Walking up to the dining table, he started eating his breakfast when Mamma informed, "Summer, wait for your brother and come together. You two better hurry. It's already 10:10 and lock the house after you. I am leaving the keys here on the table." before leaving the house to join Dad in the car.

I nodded and turned to Ethan, who was still on his phone while eating his breakfast. I rolled my eyes at his action but you know, walls don't obey you because they don't hear.

"By the way, you are so into your phone. Who are you talking to? Psycho Chloe?" I teased him.

"I have told you many times that we broke up," He answered, annoyed before looking down again.

"Yeah, I know. I just didn't believe she let you go. She was so in love with you,"

"Please, I was never serious with her and she being in love with me sounds like a joke. She was hooking up with many of my classmates behind my back."

"Oh, then I take back what I said. Instead, I will say this: Witches never let their victims go and she let you go. You are lucky, ass."

He shot me a deathly glare before looking down again which made me giggle.

"You know what, I'm seeing someone else," He suddenly said. My eyes went wide.

"WHO?" I shouted at his ears.

"Calm down dumbass. Her name is Evelyn Sinclair; She lives three blocks away, moved in ten days back from Philly and joined our school like five days back. I've had my eyes on her since like the first day."

"Is she is a witch and a slut too just like your previous groupies?"

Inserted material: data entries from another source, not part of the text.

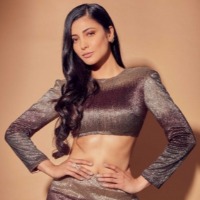 Shruti Haasan to conduct live Instagram sessions on social issues for b'day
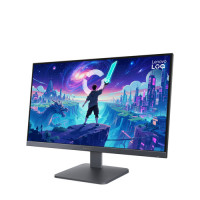 Slika Lenovo LOQ 27Q-10 68F3GACBEU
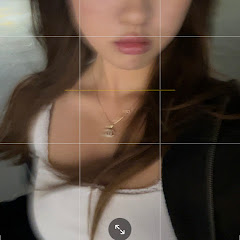 채미니자나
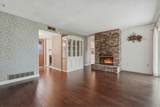 851 Cottage Street - Photo 10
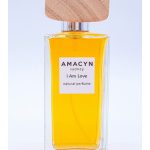 عطر ادکلن آی ام لاو آماسین - I Am Love Amacyn - بررسی، قیمت و خرید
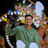 Navaneeth_18
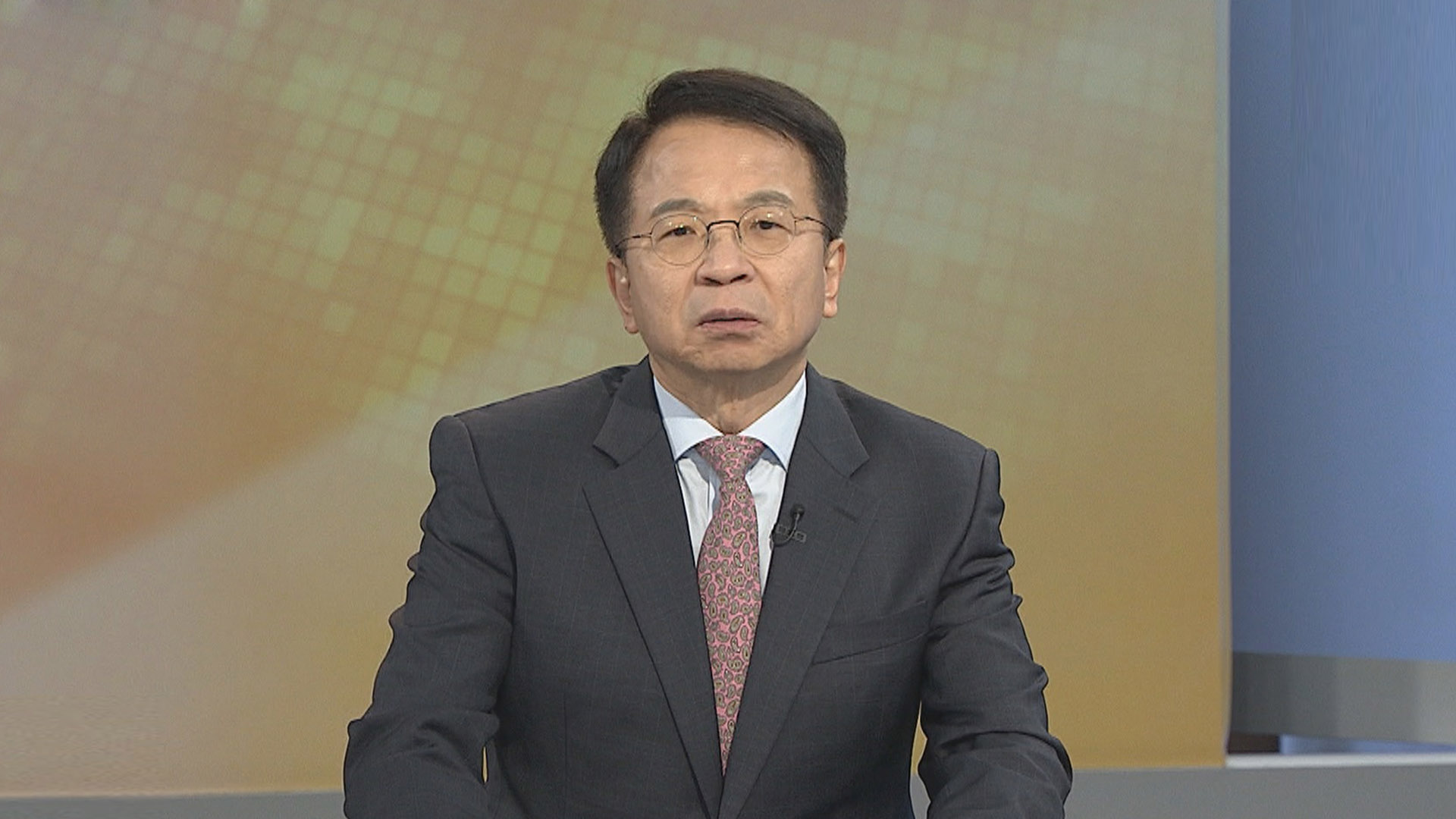 [김대호의 경제읽기] '방뇨 논란' 온라인카지노 슬롯맥주 <em class='find'수입</em '뚝'…일본 맥주는 급증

"What? No! She is different and that's what made me like her so much. At first, I just wanted what I wanted from other girls but then, I started talking to her two days back and realized she isn't like those girls. She is very decent and very simple and sweet and very herself. In short, she isn't fake and that's what made me fall for her. All I have ever looked for in a girl is being true to oneself and she has it." He replied shyly.

"Damn! My brother is serious with a girl? That sounds almost impossible. I'm sure she is something."

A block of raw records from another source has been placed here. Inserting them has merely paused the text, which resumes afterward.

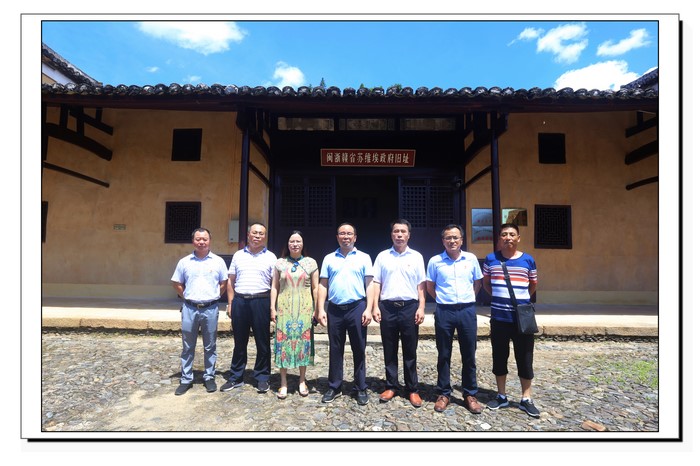 老虎机娱乐城
,长沙杀虫剂,长沙光气衍生物,长沙氨基酸保护剂,长沙锂离子电池材料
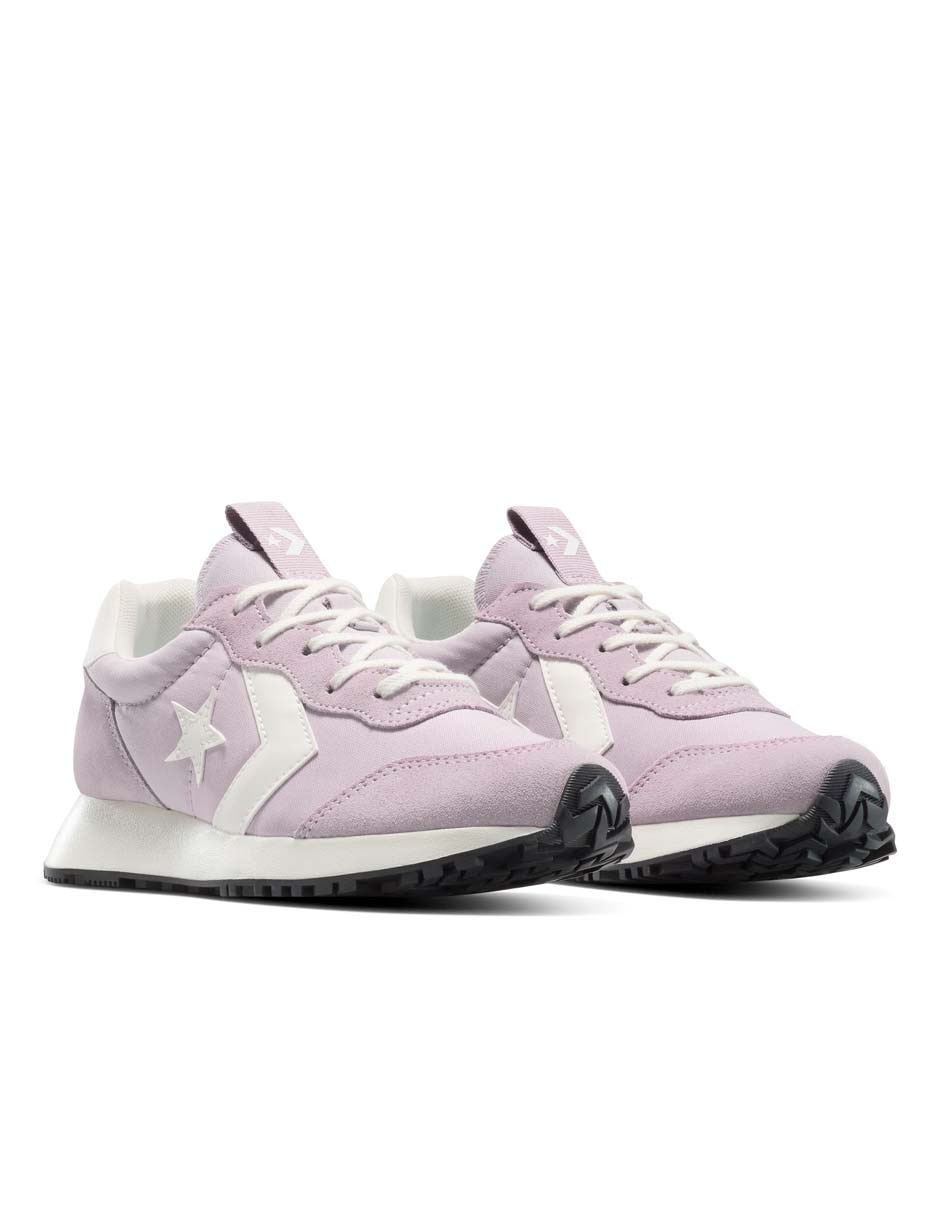 Tenis para niña Sport 2
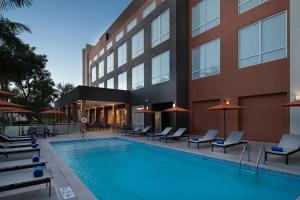 four points by sheraton puntacana village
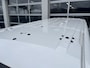 Volkswagen Transporter Kombi 2.0 TDI DSG Automaat L1H1 BTW en BPM vrij Airco Cruise control Trekhaak PDC 1e eigenaar Euro 5 Combi Personenbus Passenger Groepsvervoer Taxi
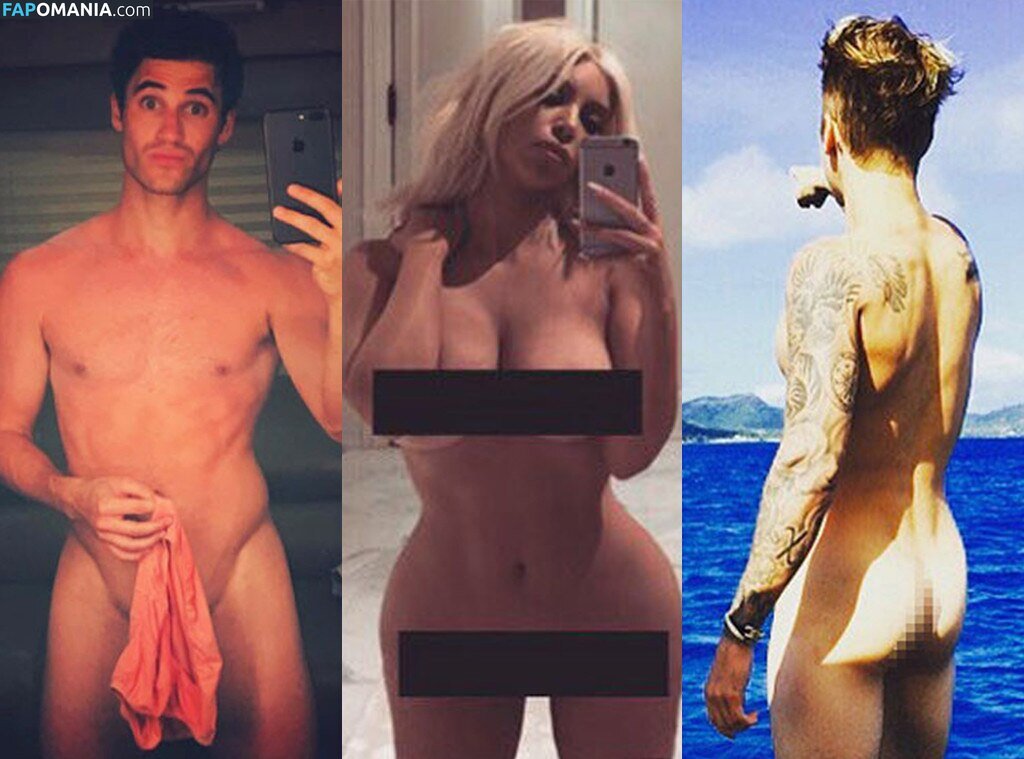 instagram Çıplak OnlyFans  Sızdırılmış Fotoğraf #18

"She is," He assured, blushing and still eating.

"Tell me more," I asked, sounding eager.

"Not now, I'll tell you in the car. If I continue now, I am not sure I will be alive to be with her."

"Okay, I get it. But I should be the first one to know if something ever happens." I pointed my index finger at him, giving him a glare.

"Geez, okay fine, now let's move. I don't want to die." He answered, stretching the 'die'. I nodded, happy that he agreed.

We fought a lot, precisely at the least five times a day but sometimes, we got along just fine. It's a siblings thing and our fights never affected us because deep down our hearts, we both knew that we had got each other's back. Always.